Innovation and the Internet. Currently, these are the buzzwords that are driving economic growth and recovery. Innovation and the Internet seems to be today's panacea to cure all that ails every organization, whether it is reviving a stagnant culture or reinvigorating an old product line. The unfortunate reality is that the success that innovation and the Internet have achieved is in some respects due to a number of convergent factors, including:
(a) New Technologies: The Internet has revolutionized every aspect of business processes from creation to distribution. In many aspects, existing business processes have been completely upended and transformed due to the Internet.
(b) New Industries: New industries have practically sprung up overnight due to the Internet. From mobile advertising to social media, new industries have not only created thousands of new jobs but have also provided new avenues for individual self expression.
(c) Improved Workforce: Just as Gutenberg's press revolutionized and democratized the distribution of information, the Internet has brought about another round of information revolution and democratization. Employees are now better educated and more knowledgeable than ever before.
(d) New Culture: As a result of the end of the Cold War, and due to the growth of new avenues of collective and individual expression thanks to the Internet, a new culture of self reliance and responsibility has emerged in the workplace.
(e) Lack of Regulation: When the Internet first appeared during the 1980s, very few individuals believed it would become the tool that would revolutionize nearly every aspect of humanity. As such, governments paid little attention to the Internet and left it to form its own standards and frameworks. Today, governments are still attempting to catch up and continue to write laws to take into account the profound changes that the Internet has had on society.
The successes that the world has seen with the increasing growth of Internet-related industries have been in no small part due to the greenfield approach that they were able to exploit. Not only was the Internet capable of developing due to a common global technological base, Internet pioneers were also able to build their business visions with very little interference from government, multinational corporations and entrenched and vested interests. Innovating in a greenfield space is easy. Innovating in a shark tank is a lot harder, which is the case of "older" industries.
While innovation continues within Internet-related industries, progress has been slower in "older" industries. This is due to:
(a) Significant Regulatory Hurdles: Industries, from automotive to health care, where one would expect Internet technologies to make significant impact have been extremely slow to innovate. One of the key components is significant regulatory hurdles that exist in these industries. "Older" industries must contend with mountains of regulations that control every aspect of the business cycle from research and development to marketing and sales. The added regulatory complexity combined with the increase compliance costs make it very difficult to integrate new innovative methodologies into existing regulatory frameworks.
(b) Liability: One of the advantages of the Internet since its inception was that it grew and prospered without any expectations.
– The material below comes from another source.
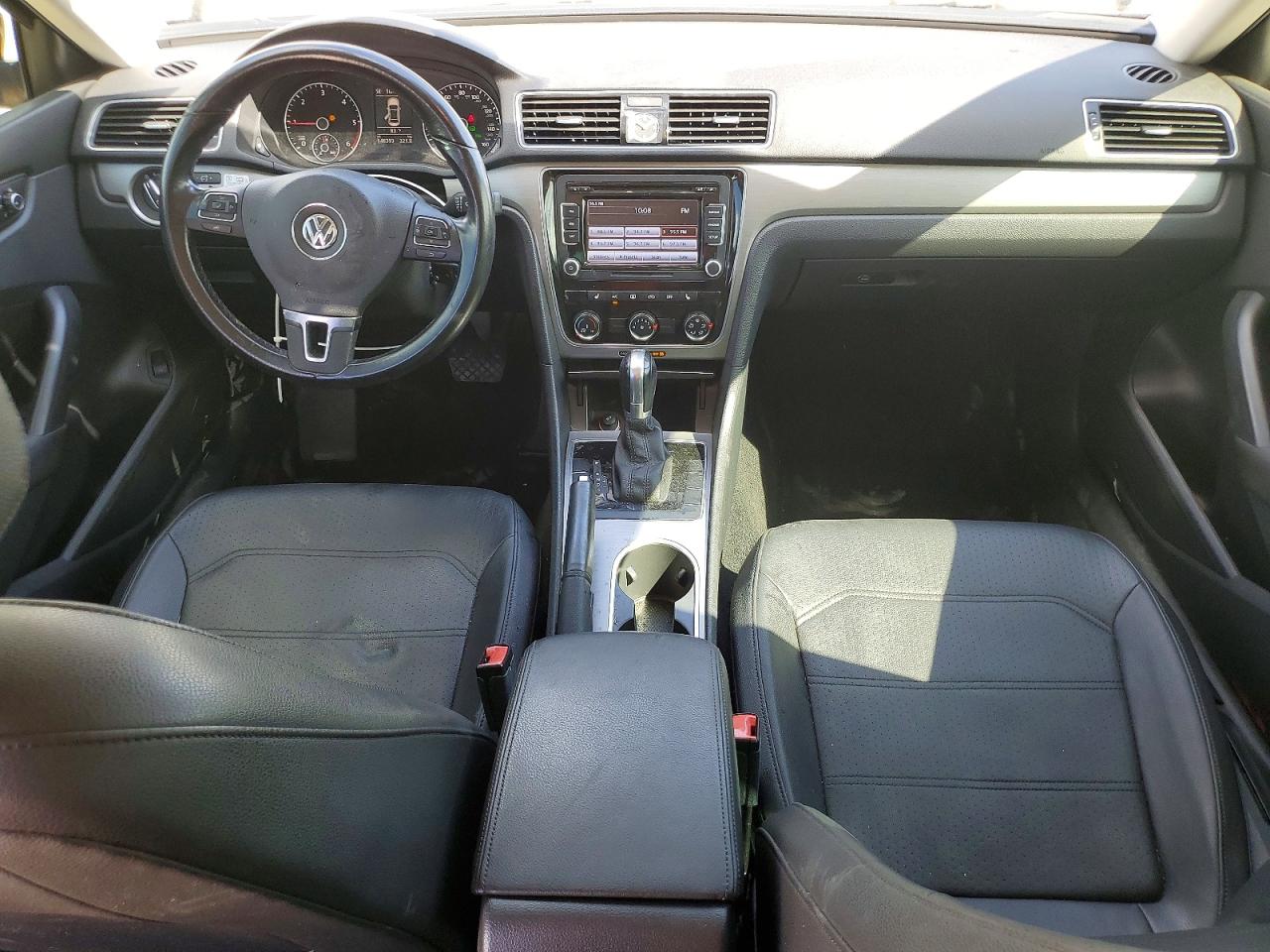 2015 VOLKSWAGEN PASSAT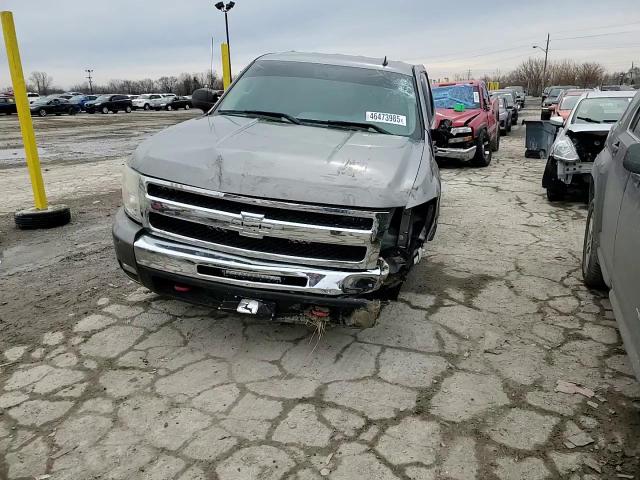 2009 Chevrolet Silverado - Image 11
There were no standards to adhere to from either a legal or regulatory perspective. Even though the Internet has become ubiquitous, it still retains the "trial and error" approach that defines tech culture. From the prevalence of the "Hacker Way" to the "Lean Startup", technology companies have been focused on "trial and error" rather than risk mitigation or liability. Unfortunately, risk mitigation and liability are the high priority concerns of "older" industries and rightly so. Too many corporations in "older" industries have been burned with lawsuits or negative press for risk mitigation not to be a top corporate priority.
(c) Existing Dominant Players: From health care to automotive, "older" industries have dominant players who not only have both the financial and non-financial resources to protect their interests and market share, but who can effectively set industry ground rules.
(d) Entrenched Vested Interests: From unions to non-governmental organizations, there are a number of interests that rely on the strength and stability of "older" industries and will do everything in their power to maintain the status quo.
(e) Competing Non-Business Interests: From environmental issues to equality issues, "older" industries have to deal with a significant number of non-business issues that not only significantly impact decision making, but increase costs as well as reduce the ability to move quickly.
Some people state that the lack of innovation in "older" industries isn't a significant concern, and that a combination of technology and socio-economic change will force "older" industries to adapt. This is a naïve comment not supported by history. Social inertia is a powerful force that has influenced human history. As many individuals know from the 1960s civil rights movement, the struggle to change social norms is a difficult and long struggle that continues over generations. Changing business processes in "older" industries is no different, and due to growing interconnectivity, even more difficult than before.
Interconnectivity is the new reality in today's dynamic economy. While those interconnected linkages may not overtly appear, they do exist. Technology companies would like to ignore the messiness of "older" industries, but they cannot, due to the interconnectivity they have helped foster.
Indeed, the technology industry is taking small steps to adapt to this interconnected reality. From the hiring of lobbyists to setting up political action committees (PACs), the technology industry is starting to use some of the tools that "older" industries have used for decades to promote their own agendas. A question arises whether or not technology companies can bring about positive change or will they be co-opted by the existing system? Will technology companies become the slow, risk adverse industries they currently abhor or will they be able to infuse new and innovative solutions into "older" industries? Only time will tell.